Last week we happily hosted dear friends from Western Australia in what’s been some of the coldest weather Victoria has endured in many years. It was such a joy to have them with us for the week, tripping around and hanging out together. I love having people visit us for extended stays like this, relaxing together and catching up properly recounting old memories and catching up on life and kids. We met these friends in our Darwin years their friendship treasured and their support like that of family. A few years older than me she was like a big sister to me a few years ahead of me in life stages and he my husband’s fishing buddy and dear mate. Adult friendships, especially ones forged in such circumstances have their own unique qualities and longevity, or maybe that’s just me, either way their company is always relished with gratitude and joy. We wandered through forests (he’s a forester) dined on delicious food (obviously) and of course I cooked for them.

Amidst all that I also had a shoot for a favourite client, creating images for her delicious Sicilian family recipes.

So this week has been a quiet one. Editing and delivering last week’s shoot, hiding from the polar blast engulfing most of Australia and excitedly getting organised for a holiday. Yes!  A holiday. I’m super excited, we’re off to visit our son in remote WA where the desert meets the Indian Ocean. He has big plans to chase adventures looking for whale sharks, catching beautiful fish for dinner and walking in the red dirt and white sands of the west. I’m insanely excited to see he and his partner and the adventurous life they enjoy there. I’m also excited for my skin to be warmed by sunshine and not chilled by arctic air.

Until then the only thing encouraging me to pull the covers back in the morning and let the morning’s cool hit my skin is the promise of a breakfast that warms from within. Obvious though it seems I’m often asked how I make my porridge. Myself included in the past I think we all fall under the spell of portioned ingredients offering the promise of easy preparation. Sachets of instant porridge were my go-to for a long time. I don’t remember the moment I changed to whole oats though suspect it was something to do with a craving and almost empty larder. As a lover of baking there’s often rolled oats in the pantry and so my method of making porridge evolved. My tummy rumbles easily so a little tweak with the addition of chia usually keeps this at bay with the added benefits of all the goodness packed into those tiny little seeds. To top it off for a little lushness I often have a fruit compote in the fridge.

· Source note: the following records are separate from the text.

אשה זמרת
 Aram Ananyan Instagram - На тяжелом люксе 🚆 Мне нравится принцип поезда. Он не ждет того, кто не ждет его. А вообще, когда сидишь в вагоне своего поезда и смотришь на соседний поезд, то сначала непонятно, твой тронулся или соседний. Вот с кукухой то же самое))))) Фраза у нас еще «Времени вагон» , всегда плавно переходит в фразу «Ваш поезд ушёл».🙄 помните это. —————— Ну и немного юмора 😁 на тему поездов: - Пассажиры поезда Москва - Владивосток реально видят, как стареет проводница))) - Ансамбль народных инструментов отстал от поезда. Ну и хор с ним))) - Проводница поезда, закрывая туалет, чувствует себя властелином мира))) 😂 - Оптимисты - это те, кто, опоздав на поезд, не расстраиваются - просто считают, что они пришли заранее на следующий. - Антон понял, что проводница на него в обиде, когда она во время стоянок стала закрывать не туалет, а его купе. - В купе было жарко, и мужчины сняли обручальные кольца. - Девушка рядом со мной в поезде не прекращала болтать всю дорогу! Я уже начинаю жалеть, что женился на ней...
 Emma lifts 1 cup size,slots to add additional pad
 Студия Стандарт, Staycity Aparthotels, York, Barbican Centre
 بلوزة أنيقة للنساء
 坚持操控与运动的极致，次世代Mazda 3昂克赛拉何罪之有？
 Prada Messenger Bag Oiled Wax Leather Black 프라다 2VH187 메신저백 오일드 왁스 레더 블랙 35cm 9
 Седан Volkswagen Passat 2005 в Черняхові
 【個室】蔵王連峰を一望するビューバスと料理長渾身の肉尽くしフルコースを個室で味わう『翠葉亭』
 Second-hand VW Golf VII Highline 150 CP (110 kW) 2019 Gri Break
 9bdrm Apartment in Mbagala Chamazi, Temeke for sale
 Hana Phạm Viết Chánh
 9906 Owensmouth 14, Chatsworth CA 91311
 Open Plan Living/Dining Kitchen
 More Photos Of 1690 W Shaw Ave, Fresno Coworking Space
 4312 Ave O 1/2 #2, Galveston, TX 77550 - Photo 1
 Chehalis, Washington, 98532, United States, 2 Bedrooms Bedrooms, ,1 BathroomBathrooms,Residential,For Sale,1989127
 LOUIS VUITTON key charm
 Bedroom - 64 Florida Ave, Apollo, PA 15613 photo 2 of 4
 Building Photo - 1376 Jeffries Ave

This one is a long-time favourite but nothing goes past a classic apple compote. Today’s one is inspired by an idea from Emelia Jackson’s glorious baking book and her apple pie cake where she bakes apples in between the cake batter. While preparing her batter she leaves the apple to macerate in sugar and spice. The first time I did this I noticed the delicious syrup that developed while the ingredients sat awaiting their moment in the recipe. It occurred to me this would be an interesting way to make a compote. So with a few tweaks this is my new method, leaving the ingredients to do the work for a few minutes while I tidy up then a bit of time on the stove to finish the job. In the fridge and boom the perfect topping for porridge or yoghurt.

So I leave you with my favourite breakfast to stay warm as the next wave of weather sweeps toward us while I take a little break with the family next week. I’ll be back after my red dirt adventure to greet August and report back.

Stay Warm!

The porridge recipe serves one, scale up as required.

Apple Compote:

2 Large apples peeled and thinly sliced. Cooking apples like Granny Smith work well though I love Cosmic Crisp if they’re available in your area.

1 ½ Tb brown sugar

2 tsp white sugar

¾ tsp cinnamon

1 ½ tsp vanilla paste

1 tb water

Combine all ingredients, giving them a good stir, in a small saucepan except the water while you tidy up, make a cuppa, have a scroll, whatever keeps you busy for at least 15 minutes but up to 30 minutes while the sugars and juices from the apple find each other and do their thing.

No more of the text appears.